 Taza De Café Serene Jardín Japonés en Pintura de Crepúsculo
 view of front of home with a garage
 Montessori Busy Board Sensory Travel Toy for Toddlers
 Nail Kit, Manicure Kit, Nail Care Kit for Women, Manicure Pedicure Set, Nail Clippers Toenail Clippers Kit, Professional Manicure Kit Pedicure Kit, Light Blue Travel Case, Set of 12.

--

=== YOUR ASSIGNMENT ===
Copy the data above in full, character for character.

=== REPLY TO THE TASK ===
 Taza De Café Serene Jardín Japonés en Pintura de Crepúsculo
 view of front of home with a garage
 Montessori Busy Board Sensory Travel Toy for Toddlers
 Nail Kit, Manicure Kit, Nail Care Kit for Women, Manicure Pedicure Set, Nail Clippers Toenail Clippers Kit, Professional Manicure Kit Pedicure Kit, Light Blue Travel Case, Set of 12.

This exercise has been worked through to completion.